VGSLify: Variable-size Graph Specification for TensorFlow & PyTorch

VGSLify simplifies defining, training, and interpreting deep learning models using the Variable-size Graph Specification Language (VGSL). Inspired by Tesseract's VGSL specs, VGSLify enhances and streamlines the process for both TensorFlow and PyTorch.
Table of Contents
Installation
Basic Installation
To install VGSLify without any deep learning backend, run:
pip install vgslify
This installs only the core functionalities of VGSLify without torch or tensorflow.
Installing with a Specific Backend
VGSLify supports both TensorFlow and PyTorch. You can install it with the required backend:
pip install vgslify[tensorflow]
pip install vgslify[torch]
By default, this will install:
tensorflow (latest stable version)
torch (latest stable version)
Controlling Backend Versions
If you need a specific version of torch or tensorflow, install VGSLify first and then manually install the backend:
pip install vgslify
pip install torch==2.1.0
pip install tensorflow==2.14
Alternatively, you can specify the version during installation:
pip install vgslify[torch] torch==2.1.0
pip install vgslify[tensorflow] tensorflow==2.14
⚠ Note: If a different version of torch or tensorflow is already installed, pip may not downgrade it automatically. Use --force-reinstall or --upgrade if necessary:
pip install --upgrade --force-reinstall torch==2.1.0
Verify installation
To check that VGSLify is installed correctly, run:
python -c "import vgslify; print(vgslify.__version__)"
How VGSL Works
VGSL uses concise strings to define model architectures. For example:
None,None,64,1 Cr3,3,32 Mp2,2 Cr3,3,64 Mp2,2 Rc3 Fr64 D20 Lrs128 D20 Lrs64 D20 Fs92
Each part represents a layer: input, convolution, pooling, reshaping, fully connected, LSTM, and output. VGSL allows specifying activation functions for customization.
Quick Start
Generating a Model with VGSLify
from vgslify import VGSLModelGenerator
vgsl_spec = "None,None,64,1 Cr3,3,32 Mp2,2 Fs92"
vgsl_gn = VGSLModelGenerator(backend="tensorflow")

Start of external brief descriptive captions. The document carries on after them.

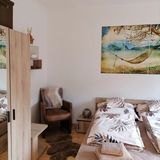 Mackó Apartman Balatonlelle (4)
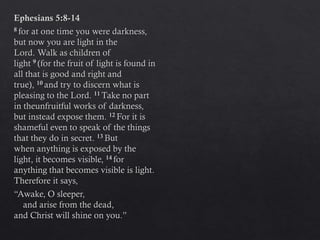 14.04.04 exegesis   lent 4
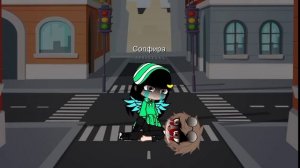 когда я умру я стану ветром и буду жить над твоей крыше ❤??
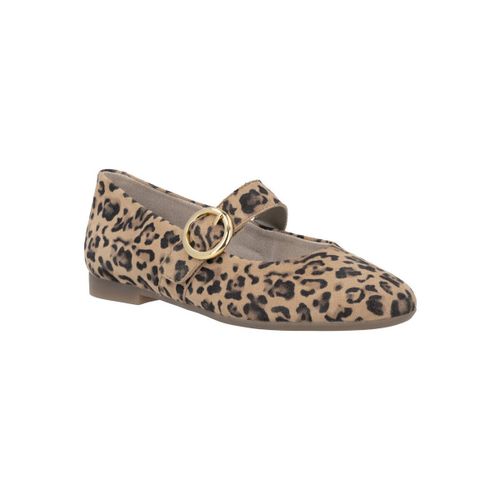 Ballerines D0K14 - _d0k14_90 - Remonte - Modalova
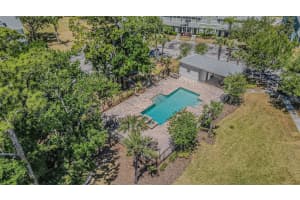 11676 DECLARATION DRIVE, TAMPA, FL 33635 - MLS#MFRTB8503814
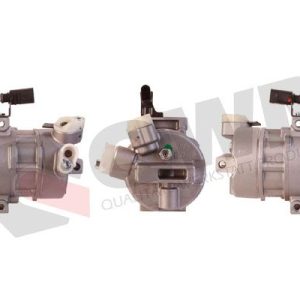 Compresor climatizare QWP WCP362R – VW | AutoRival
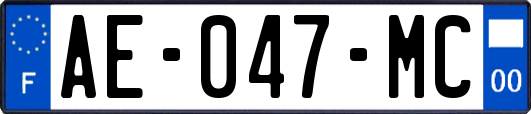 AE-047-MC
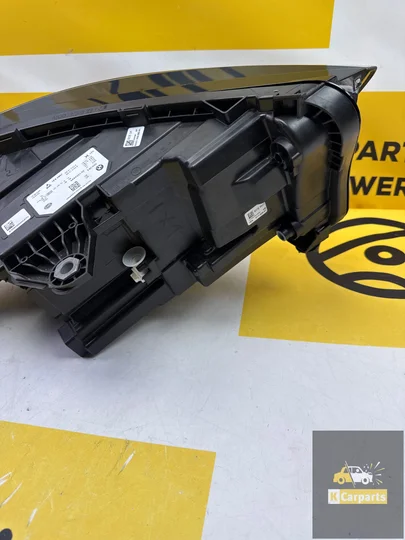 bmw-x1-u11-koplamp-links-full-led-origineel-lamp-5a9a22102 — foto 6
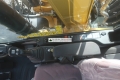 CATERPILLAR-M320D2-23039-12-www.al-quds.com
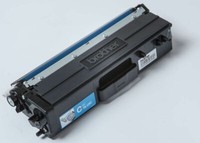 Brother Super Jumbo Toner TN-426C Cyan (Reichweite: Ca. 6500 Seiten) Neu Ovp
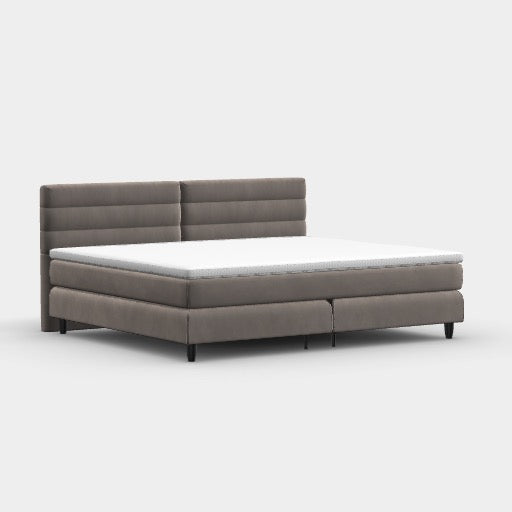 Dein berna Boxspringbett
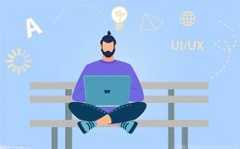 電腦不能聯網是什么原因？電腦不能聯網怎么重裝系統？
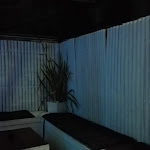 Photo n°6 de l'avis de B.i fait le 08/01/2017 à 14:08 sur le  Maa Beach à Bogliasco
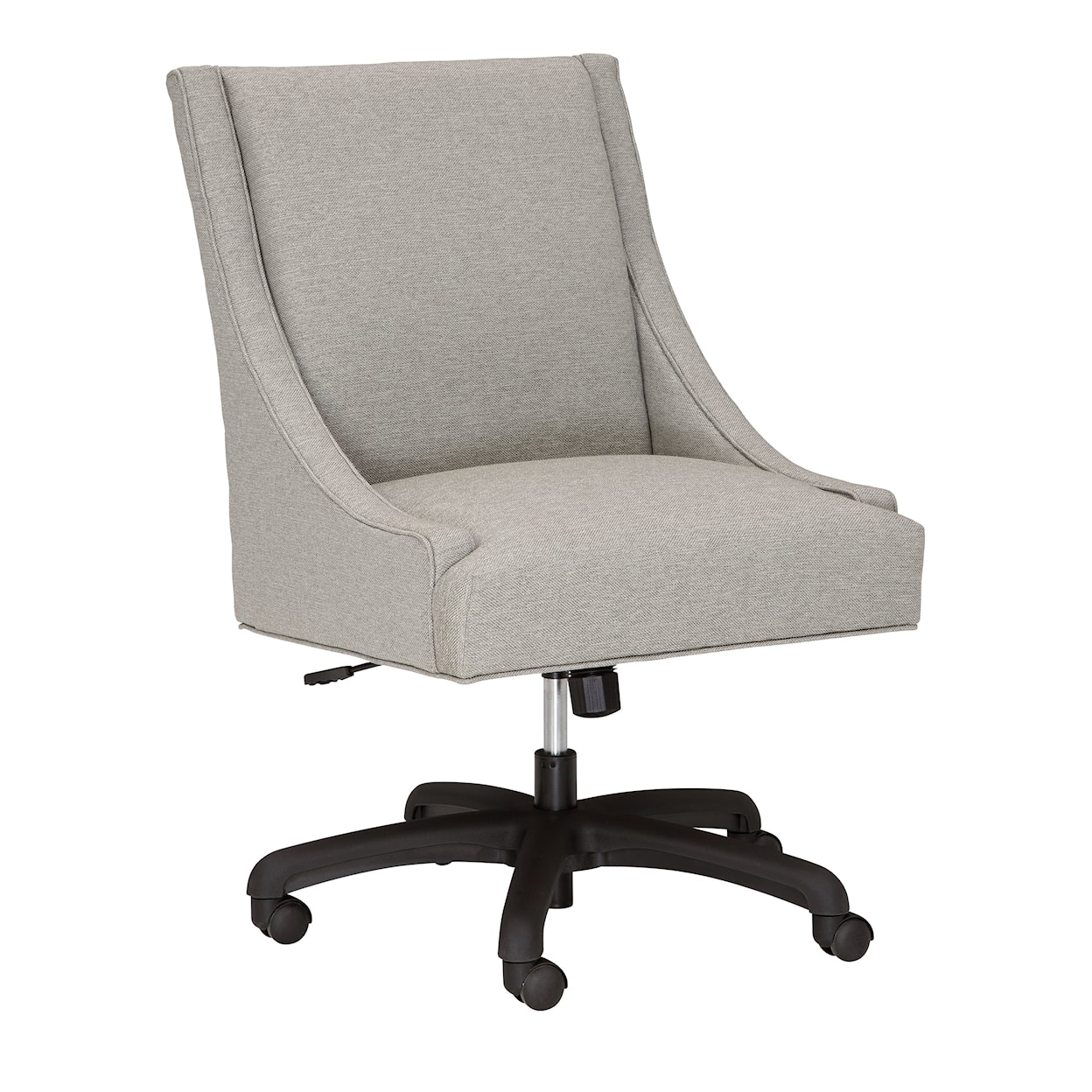 Hekman Upholstery Nathan Office Chair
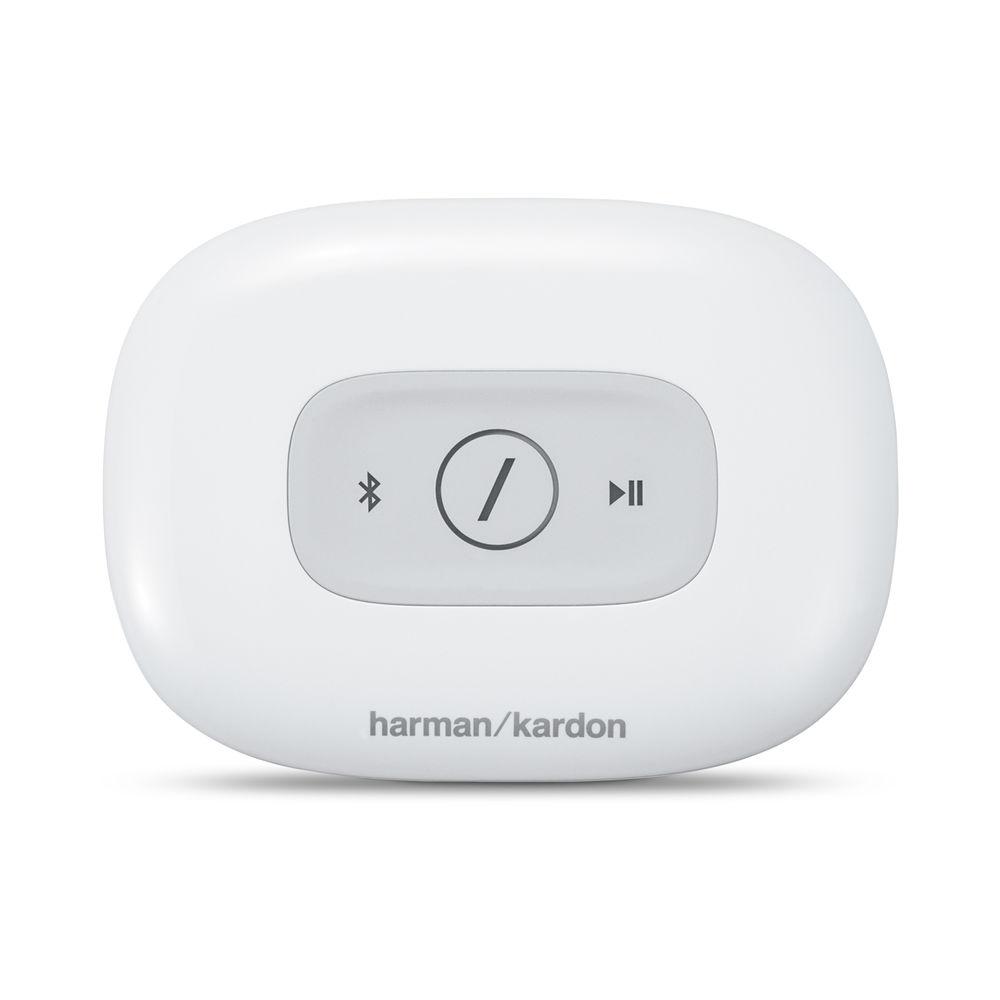 Harman Kardon Adapt Wireless HD Audio Adapter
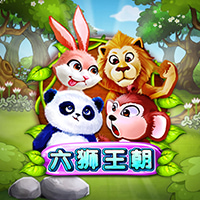 RTP sboslot Xtraplay88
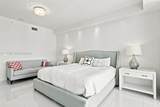1080 Brickell Ave - Photo 12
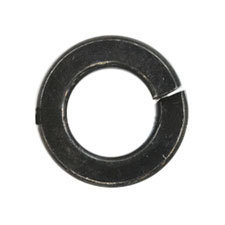 Makita 942253-4 Spring Washer 10, 7104L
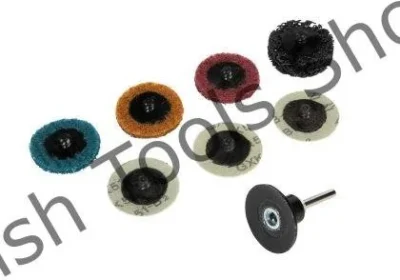 35-PCE-SANDING-AND-PREPARATION-DISC-SET-3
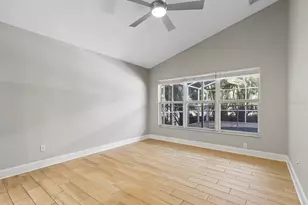 4214 Pine Isle Dr, Lutz, FL 33558 - Photo 17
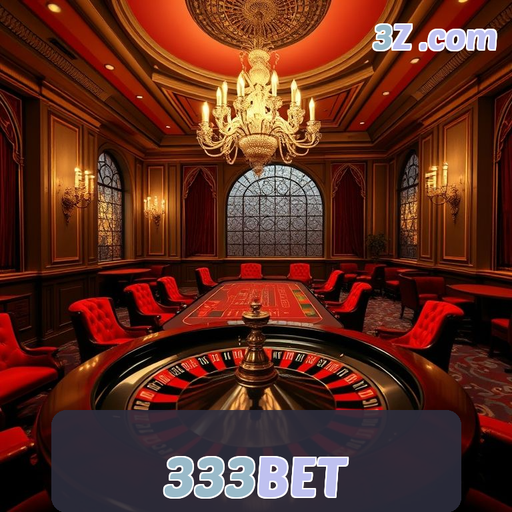 Aposte com inteligência no Esporte do 333bet login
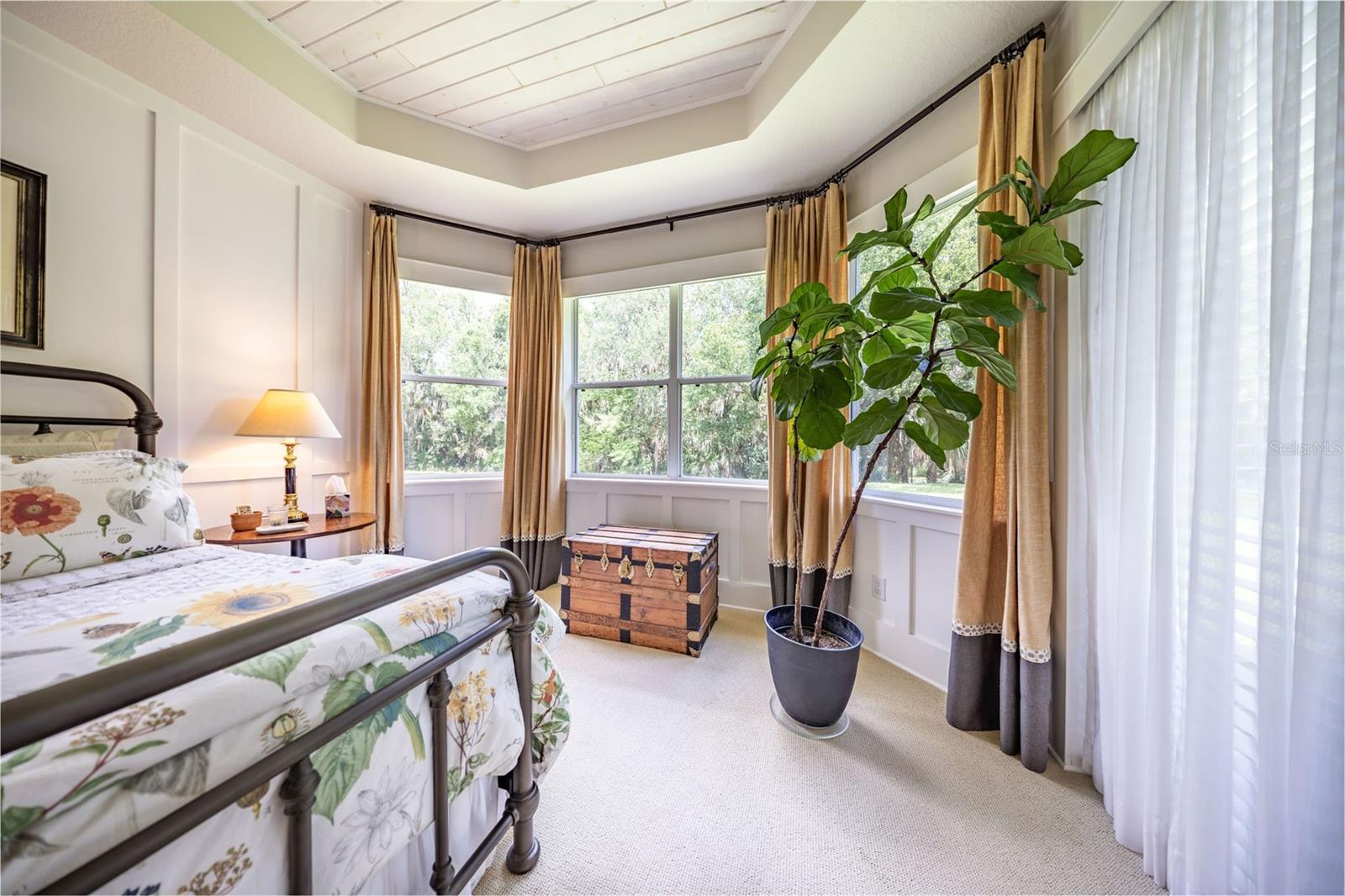 1619 STARGAZER TER, SANFORD, FL, 32771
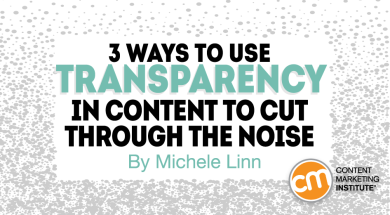 transparency-content-noise-cover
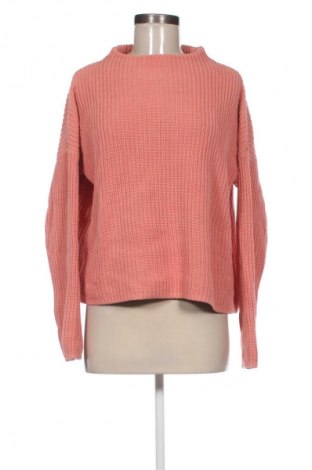 Damenpullover Opus, Größe S, Farbe Rosa, Preis € 32,00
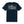 Earth & Sea Tee - Rooster 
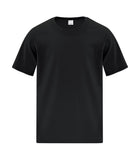 ATC™ EVERYDAY RING SPUN COTTON YOUTH TEE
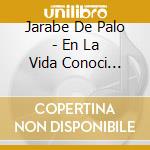 Jarabe De Palo - En La Vida Conoci Mujer (5 Cd) cd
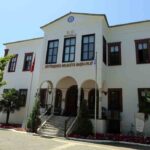 Muğla Büyükşehir Belediyesi, 2025 bütçe verilerine göre mali disiplinde öne çıkan belediyelerden biri oldu.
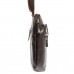 Elm Brown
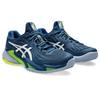 Tennis Shoes COURT FF 3 OC 1041A369 Mako Men's Blue/White 29.0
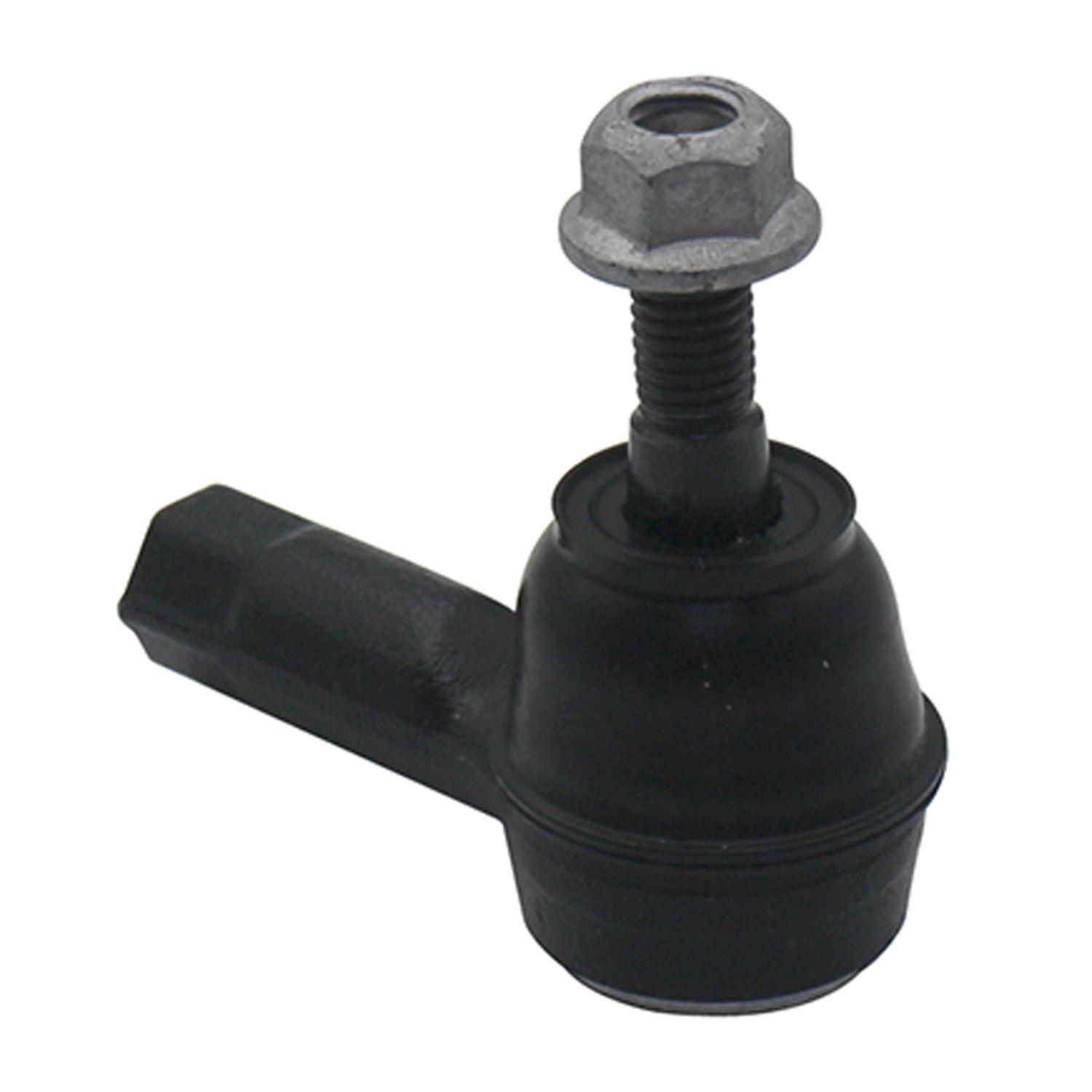 CTR CE0176 Steering Tie Rod End product image 1 of 1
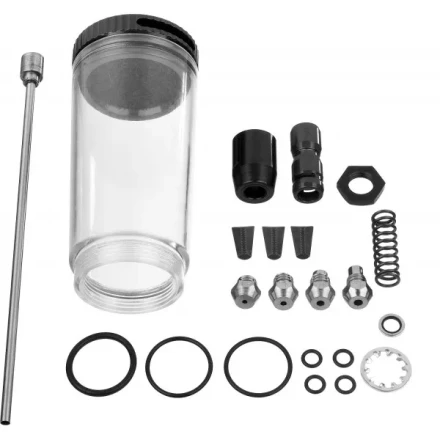 Ремонтный комплект KRAFTOOL для арт. 31188 31188-RK купить в Губкинске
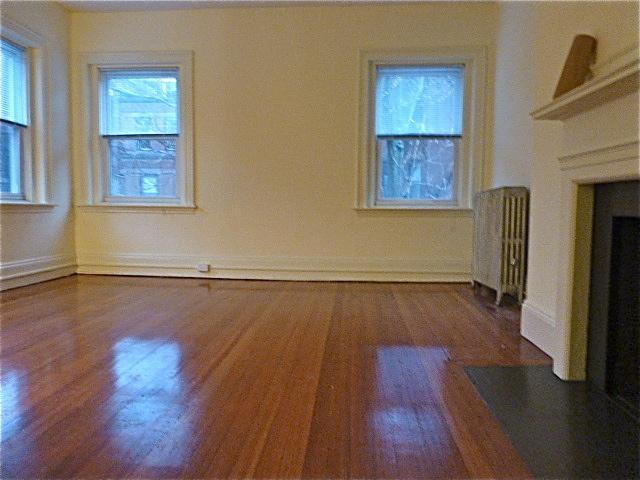 Building Photo - 235 Newbury St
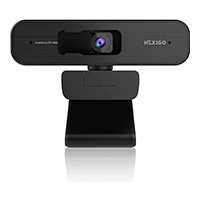 Nexigo N940P W/ Remote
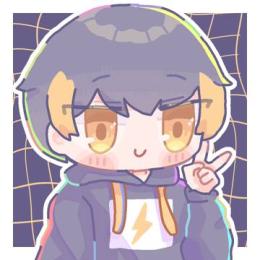 プロフ画像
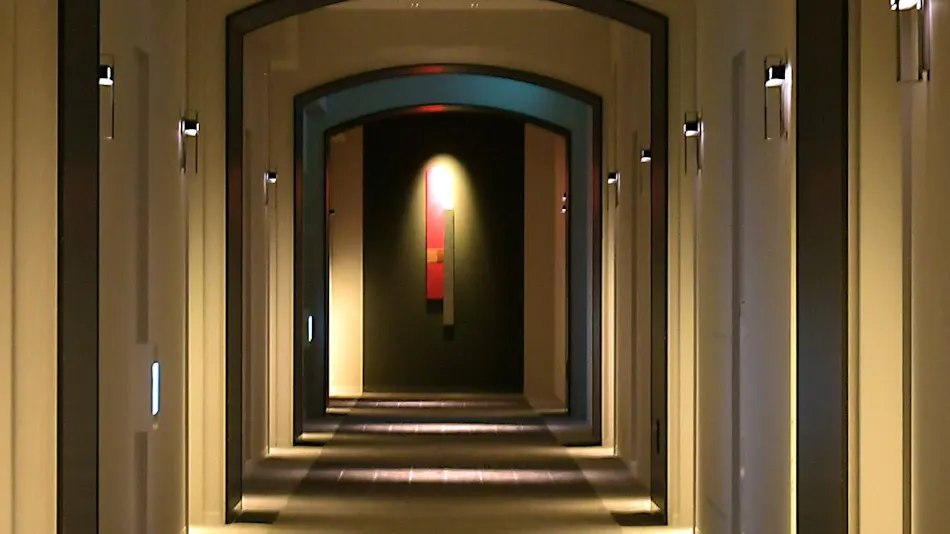 Hotel Trusty Nagoya Shirakawa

model = vgsl_gn.generate_model(vgsl_spec, model_name="MyModel")
model.summary()
vgsl_gn = VGSLModelGenerator(backend="torch")
model = vgsl_gn.generate_model(vgsl_spec, model_name="MyTorchModel")
print(model)
Creating Individual Layers with VGSLify
from vgslify import VGSLModelGenerator
vgsl_gn = VGSLModelGenerator(backend="tensorflow")
conv2d_layer = vgsl_gn.construct_layer("Cr3,3,64")
history = vgsl_gn.generate_history("None,None,64,1 Cr3,3,32 Mp2,2 Fs92")
for layer in history:
print(layer)
Converting Models to VGSL
from vgslify import model_to_spec
import tensorflow as tf
model = tf.keras.models.load_model("path_to_your_model.keras")
vgsl_spec_string = model_to_spec(model)
print(vgsl_spec_string)
Note: Flatten/Reshape layers might require manual input shape adjustment in the generated VGSL.
Additional Documentation
See the VGSL Documentation for more details on supported layers and their specifications.
Contributing
Contributions are welcome! Fork the repository, set up your environment, make changes, and submit a pull request. Create issues for bugs or suggestions.
License
MIT License. See LICENSE file.
Acknowledgements
Thanks to the creators and contributors of the original VGSL specification.